Pictures with short captions
= Beginning of Section =

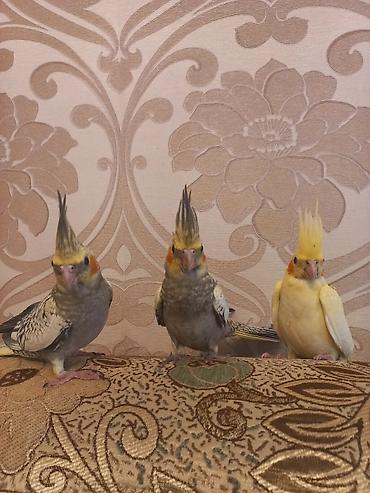 Quşlar: Nimfa (Cockatiel) tutuquşuları – 3 ədəd Xüsusiyyətlər: - Növ: Nimfa — 4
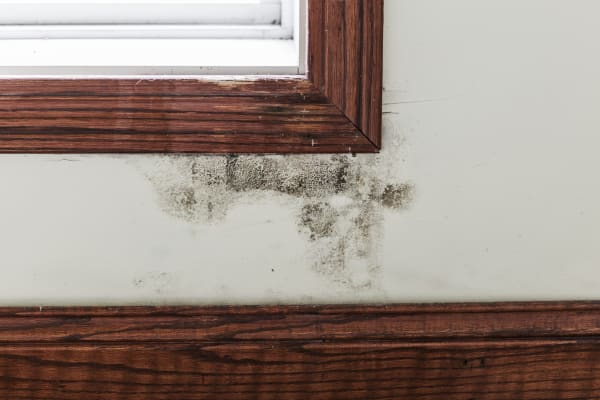 When Mold and Mildew Make for Uninhabitable Homes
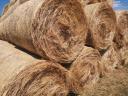 Jó minőségü,  2023-as Kazaltakaróval takart lucerna bálák eladók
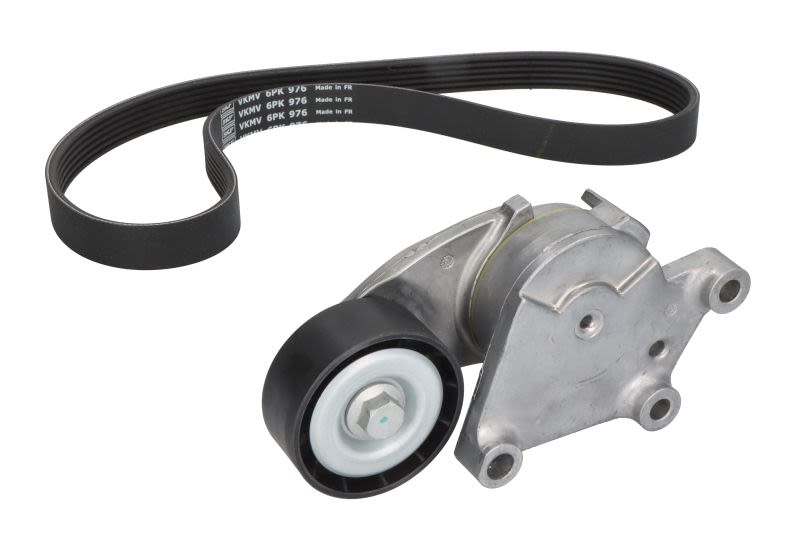 SET KANALNOG REMENA BERLINGO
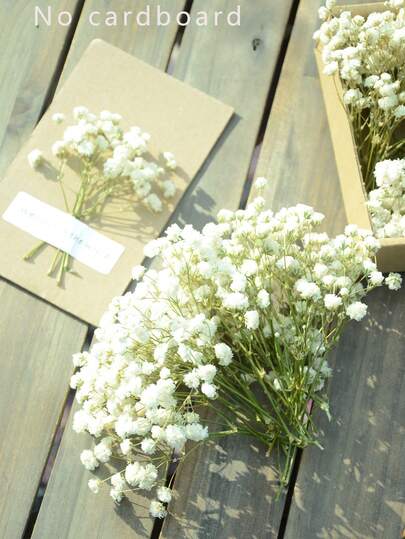 25/50/100/300 قطعة أزهار جبسي صغيرة وأزهار جافة أخرى - لفن صناعة السلاح والحرف اليدوية، باقة من الأزهار البيضاء العاجية للاكسسوارات الشعرية، أكاليل الزفاف، وعاء الطاولة، ديكور المنزل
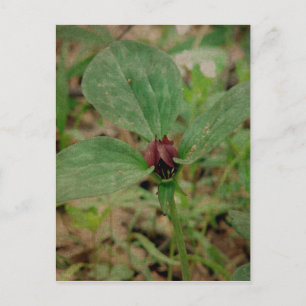 Trillium Flower Postcard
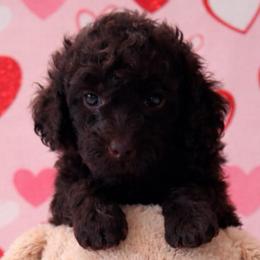 Kiss - Chocolate male Goldendoodle puppy in Reno, Nevada from Darling Doodles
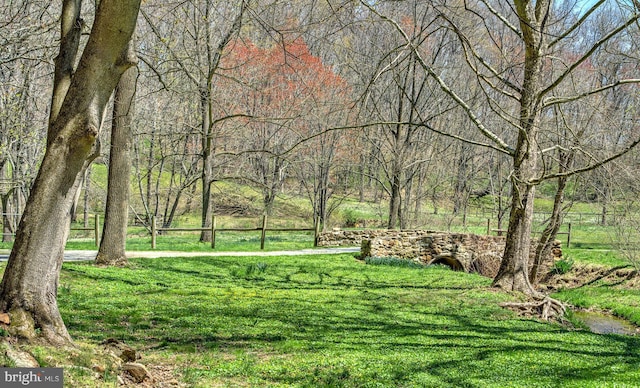 227 Jackson Rd, Cochranville, PA 19330 - view of green lawn with a forest view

= End of Section =

DIRECTIONS FOR THIS TASK >>
Output exactly, and only, the lines running from the line containing "Trillium Flower Postcard" to the last line of the entries above, omitting the pictures.

TASK SOLUTION >>
 Trillium Flower Postcard
 Kiss - Chocolate male Goldendoodle puppy in Reno, Nevada from Darling Doodles
 227 Jackson Rd, Cochranville, PA 19330 - view of green lawn with a forest view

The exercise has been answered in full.